It all began last summer when I decided, in solidarity with my Muslim friends, to fast during Ramadan. They had celebrated Christmas with me, so why not share in their festivities as well? I had been friends with many Muslims for years and found that the community was kind, giving and helpful. I wanted to understand them a bit better, so whilst fasting I read the Quran.
I was brought up more or less an atheist. Most people in my family don't believe in God and when I started showing signs of being more spiritual in my teen years, my family laughed it off as if it was a passing phase. I went to a Catholic school, which put me off religion with its very strict, old-fashioned manner of teaching, and by the time I was in my 20's, I had more or less come to the conclusion that life without religion was better than life with it.
But when, through my voluntary work, I began to meet more and more Muslims.

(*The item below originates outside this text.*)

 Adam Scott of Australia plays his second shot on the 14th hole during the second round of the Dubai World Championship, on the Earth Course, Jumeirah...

I started to question why they seemed more at peace with themselves and more open to helping others than other people I had met. I found in many of them a kind of selflessness and sense of community that I thought in our fast-paced, modern world didn't exist anymore.

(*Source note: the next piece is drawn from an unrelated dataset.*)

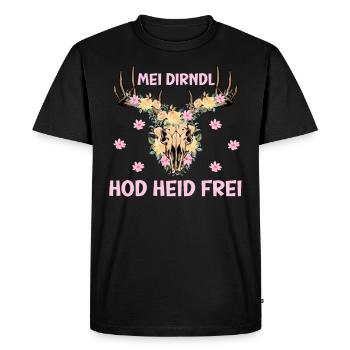Münchner Volksfest MEI DIRNDL HOD HEID FREI - T-shirt Premium bio Homme - noir - Devant - Nico (187cm)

Fasting in the middle of summer in Northern Europe turned out to be more difficult than I expected, but there was a certain feeling of satisfaction when it came to gathering in the evening for Iftar. Every day I read the Quran, discussed it with friends and delved deeper into the history of the life of the Prophet (pbuh), his amazingly strong and powerful wives Khadija and Aisha, and his beloved daughter Fatima.
Was this the same religion I had seen so often in the news, linked with terrorism and oppression of women? The message I found in Islam was one of peace and equality. That there existed a man in the 6th Century who freed slaves, rejoiced as much in having daughters as in having sons, and announced in his last speech that everyone was equal, regardless of race or where they came from, was incredible to me.
I am a fierce feminist, so I never believed that Islam would be the religion for me. But reading the story of Khadija and understanding why the Quran placed rules in Islam for women - not to oppress them, but to protect them - made me realise that Islam was one of the first feminist messages in our world.